# [PROVIDED MATERIAL]
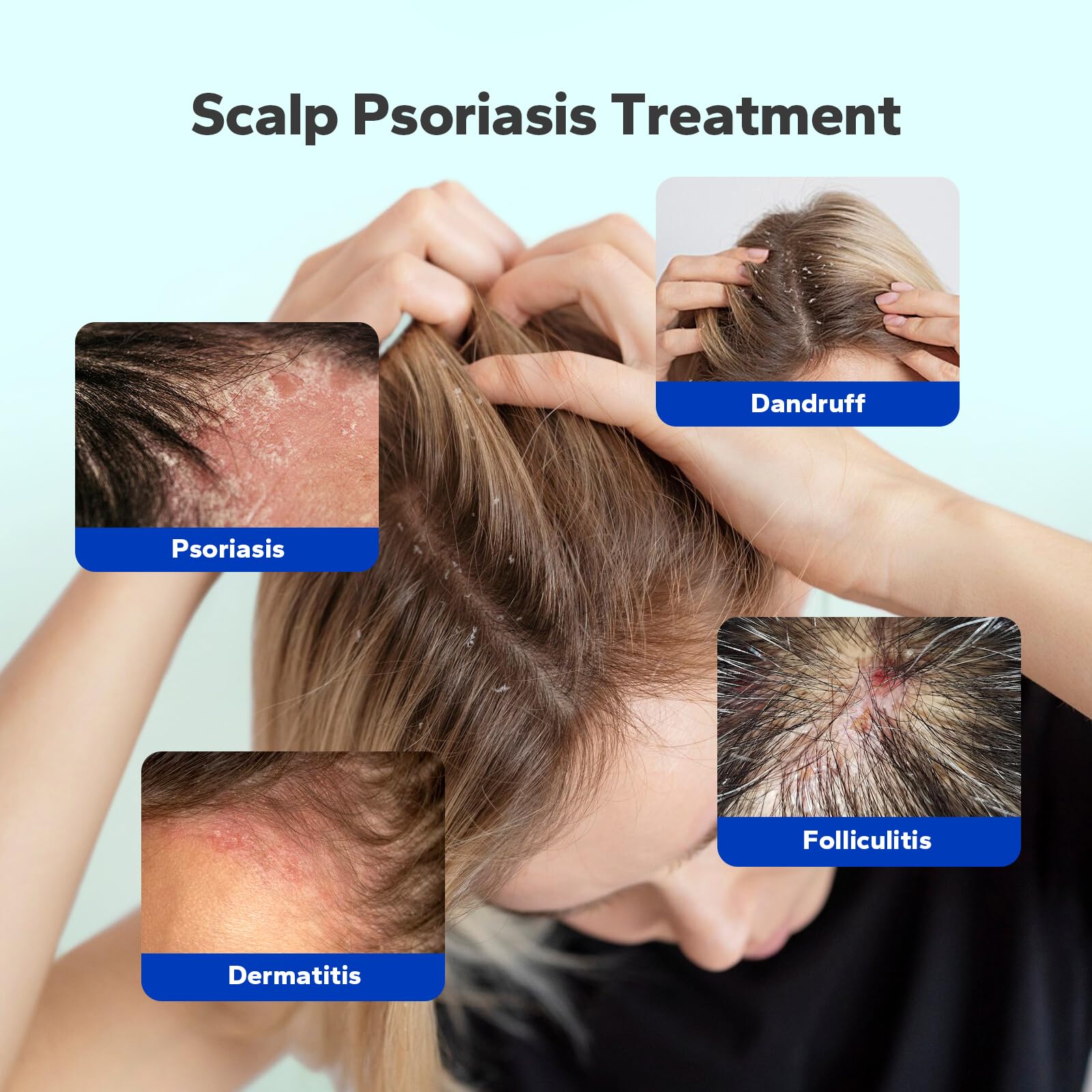 HyperHair Psoriasis Shampoo (8.45 Fl Oz), Medicated Shampoo with Salicylic Acid & Coconut Oil for Scalp Psoriasis, Seborrheic Dermatitis, Folliculitis & Dandruff, Anti-Itch, Flake-Free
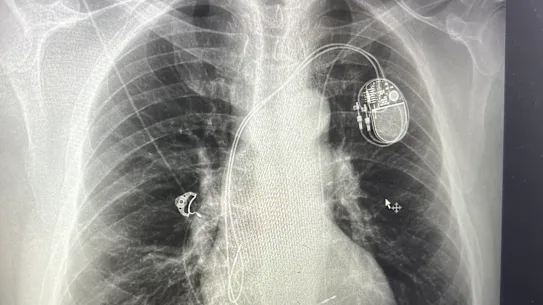 Une radiographie de la poitrine de Fotis Kapetopoulos après l'installation d'un stimulateur cardiaque.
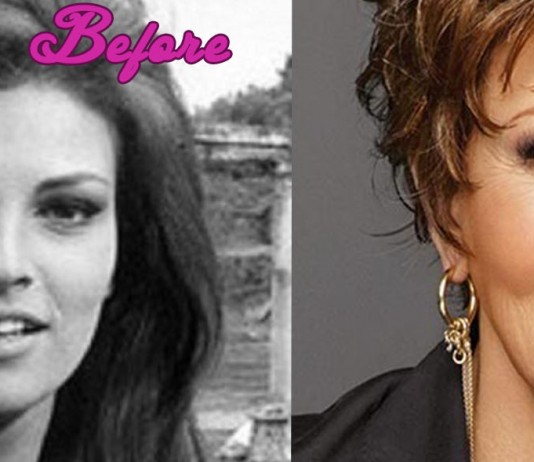 Raquel Welch Plastic Surgery Pics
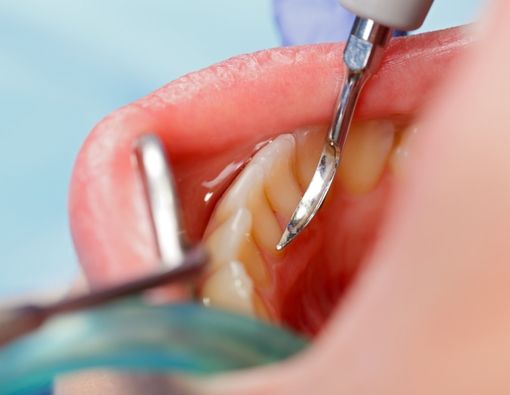 Berbagai Cara Mencegah Karang Gigi yang Mudah Dilakukan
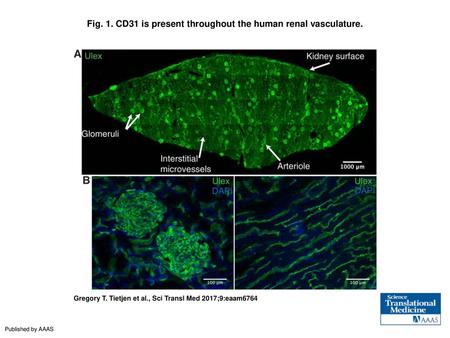 Fig. 1. CD31 is present throughout the human renal vasculature.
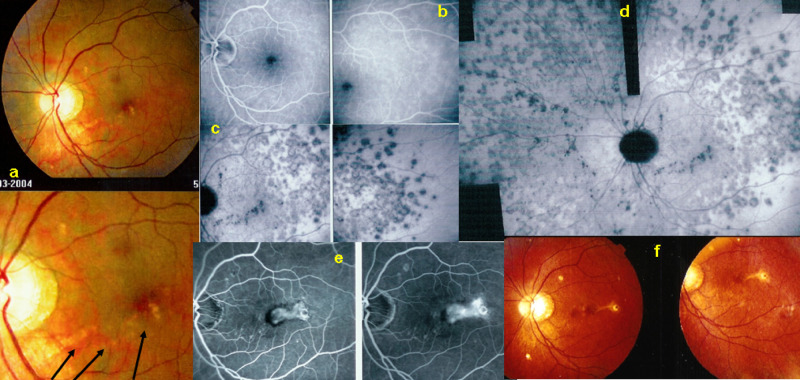 Fig. 20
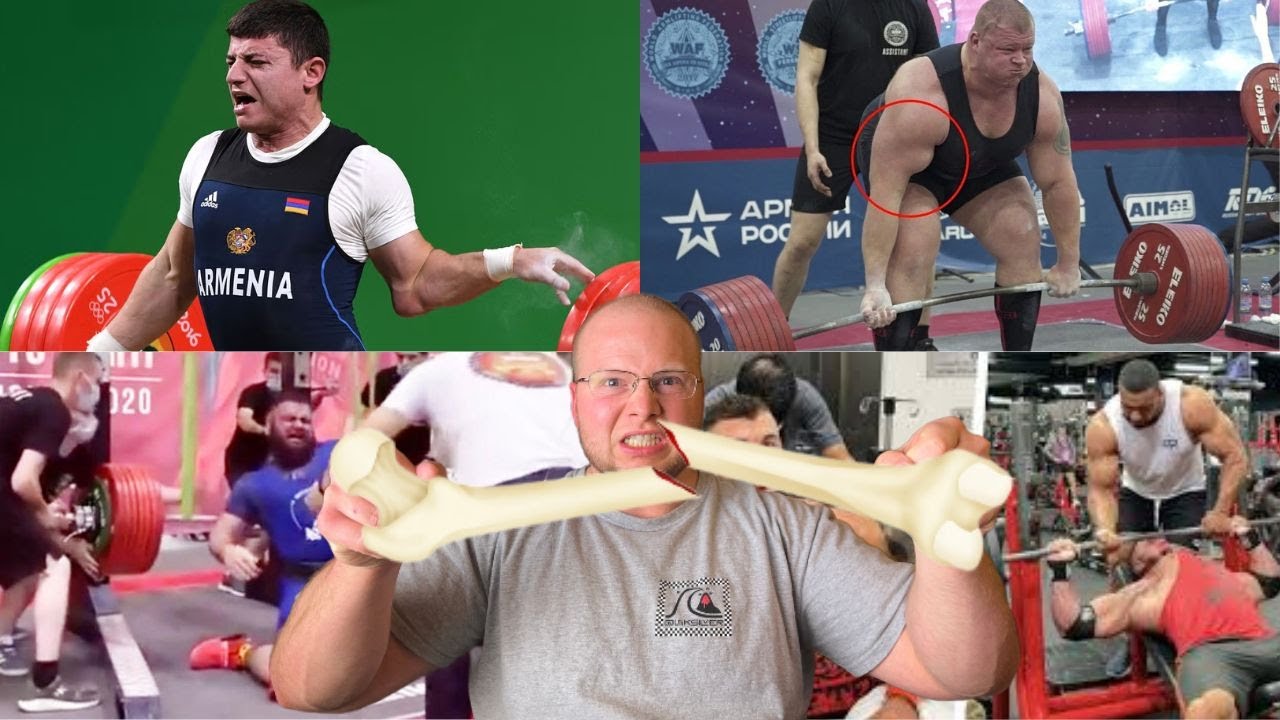 Top 10 Worst Lifting Injuries, EVER.. 😵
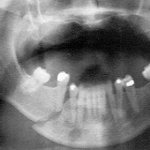 Treatment of a displaced fracture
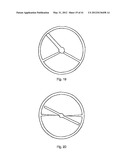 ELECTRONICALLY CONTROLLED PROSTHETIC SYSTEM diagram and image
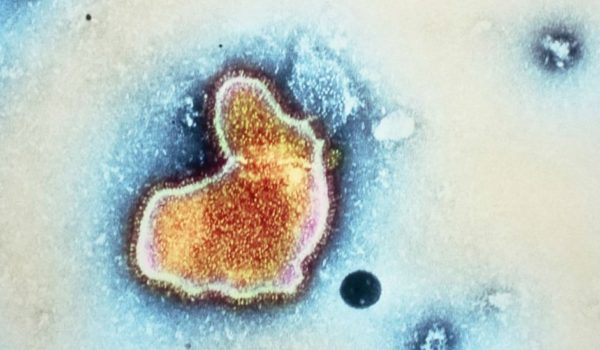Getty Images Imagen del Virus Respiratorio Sincitial o VRS. "Sincitial" se refiere a que el virus destruye membranas celulares por lo que se forman masas con numerosos núcleos celulares llamadas "sincicios".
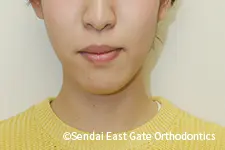 治療前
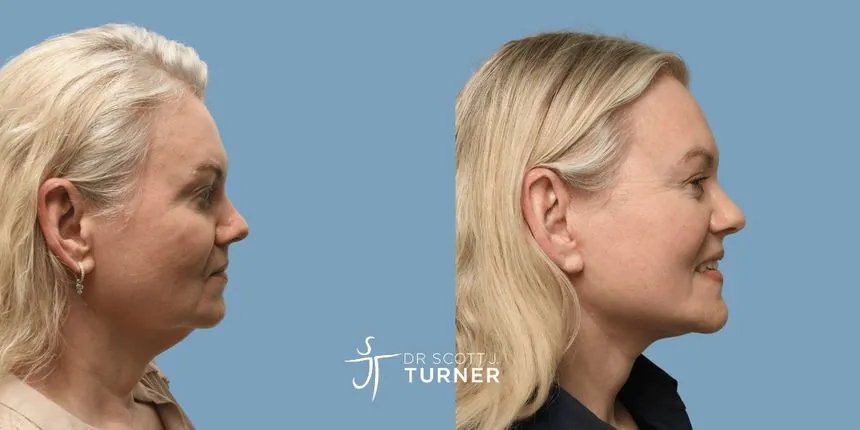 Deep plane facelift before and after, right profile, patient 7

# [EXERCISE PROMPT]
Nothing but the lines from the start of the records above through the line with "ELECTRONICALLY CONTROLLED PROSTHETIC" should be retyped, each exactly as written; leave out all pictures.

# [RESULT]
 HyperHair Psoriasis Shampoo (8.45 Fl Oz), Medicated Shampoo with Salicylic Acid & Coconut Oil for Scalp Psoriasis, Seborrheic Dermatitis, Folliculitis & Dandruff, Anti-Itch, Flake-Free
 Une radiographie de la poitrine de Fotis Kapetopoulos après l'installation d'un stimulateur cardiaque.
 Raquel Welch Plastic Surgery Pics
 Berbagai Cara Mencegah Karang Gigi yang Mudah Dilakukan
 Fig. 1. CD31 is present throughout the human renal vasculature.
 Fig. 20
 Top 10 Worst Lifting Injuries, EVER.. 😵
 Treatment of a displaced fracture
 ELECTRONICALLY CONTROLLED PROSTHETIC SYSTEM diagram and image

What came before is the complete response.